I was wondering how can I add a new genome to the metaphlan database. I am following these steps from the tutorial but it is not clear how to generate marker sequences from the query genome that need to be stored in a file called new_marker.fasta
Customizing the database
In order to add a marker to the database, the user needs the following steps:
Reconstruct the marker sequences (in fasta format) from the MetaPhlAn2 bowtie2 database by:
bowtie2-inspect metaphlan2/databases/mpa_v20_m200 > metaphlan2/markers.fasta
Add the marker sequence stored in a file new_marker.fasta to the marker set:
cat new_marker.fasta >> metaphlan2/markers.fasta
Rebuild the bowtie2 database:
Thanks for your support,
In order to add a new genome to the MetaPhlAn database you need to annotate the reference genome and identify marker genes which usually are genes that are core genes for the species and unique for the species (no other species included in the database should share the same gene).

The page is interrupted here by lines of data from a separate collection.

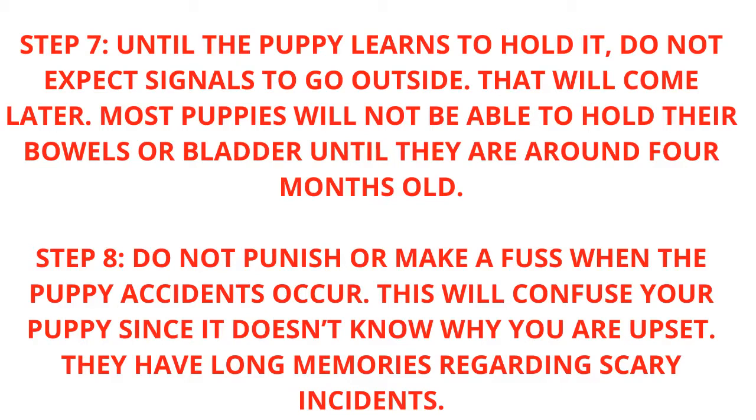Most puppies will not be able to hold their bowels or bladder until they are around 4 months old. Step 8: Do not punish or make a fuss when puppy accidents occur. This will confuse your puppy since it doesn't know why you are upset, and they have long memories regarding scary incidents.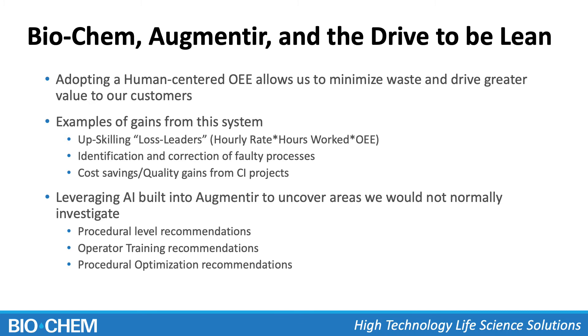Some specific examples: we're able to upskill loss leaders. Using the OEE metrics from the Augmentier system, we can understand who in our production environment is actually costing the business money if they're working in a particular cell, and intelligently schedule our people around where they are best primed to perform. We can also identify and correct faulty processes. As the business has scaled, our processes have scaled sometimes really well, sometimes really poorly. Let's identify and correct those so we're setting ourselves up for success. And obviously, there are the cost savings and quality gains from continuous improvement projects being driven by this information.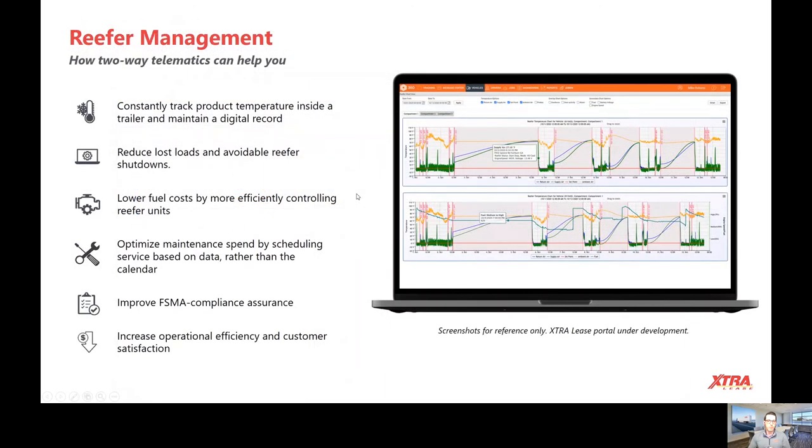You can also create customized alerts and tools that are going to help you manage your fleet. One of the other very important features is being able to have the temperature history right at your fingertips. If you've had to supply that to your customers in the past, you may have had to reach out to Thermo King and Carrier and pay for that data.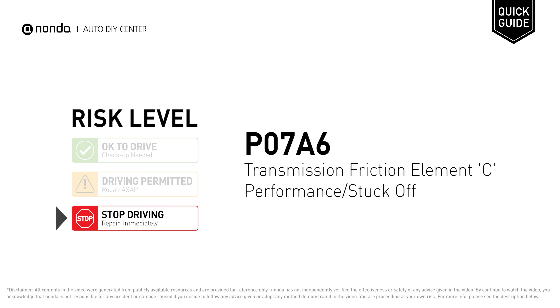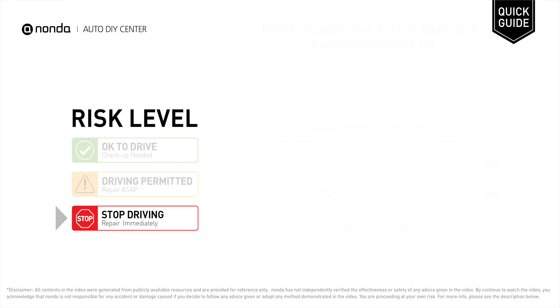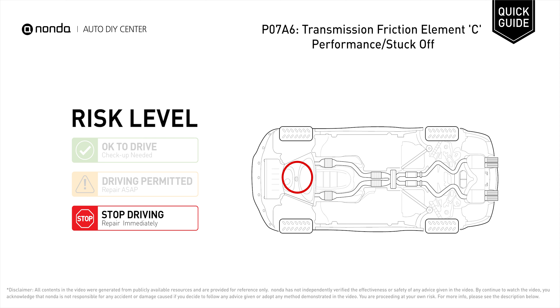PO7A6 is a diagnostic trouble code for transmission friction element C performance or stuck off. Under this circumstance, stop driving and repair your vehicle immediately. It indicates that the ECM has detected the internal C friction element inside the transmission is stuck off.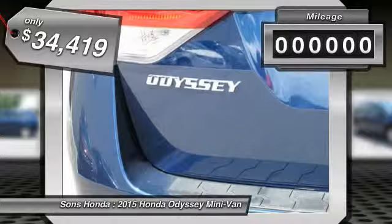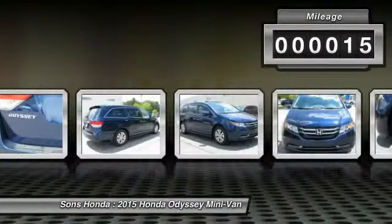This vehicle has less than 100 miles. Here are some of this vehicle's great options: quad seating.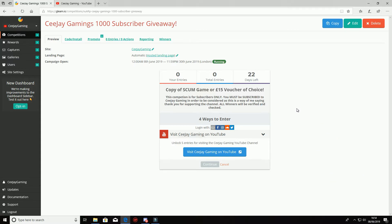The competition runs from the 8th up until the 30th, which is the last day we're on holiday. Once we come back, we will choose two winners, get in touch with them, and verify that they've done everything asked in the giveaway. Check out the link in the description and get yourself entered!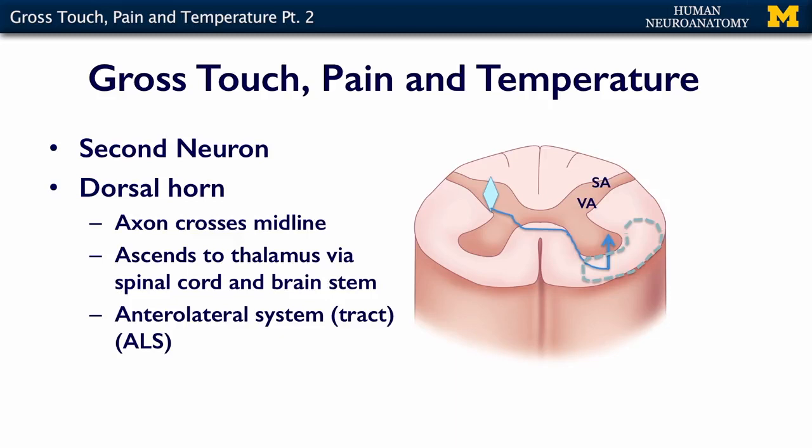The second neuron in the chain is an interneuron that lives in the dorsal horn. So the first neuron's out here, the second neuron is in here. It receives information from that primary sensory neuron. What's important about this second neuron is that its axon crosses the midline right here, and then turns to go towards the brain. Neuron number two is a relay neuron — it crosses the midline. This area is known as the ventral white commissure.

I’ll refer you to this issue on the GitHub repository for more details https://github.com/biobakery/MetaPhlAn/issues/103
Thanks for the explanation. Another question: It seems that version 3.0 has ~ 110 eukaryotic reference genomes but there is none belonging to Pichiaceae, fungal family. Is there a selection criteria that you use to select reference genomes to build the database? Just wondering because it could bias the results of the taxonomic annotation
The genomes included are the one having an annotated reference genome in the UniProt Proteomes portal. To date I see that are available 10 genomes, but at the time the database was created, no one was present.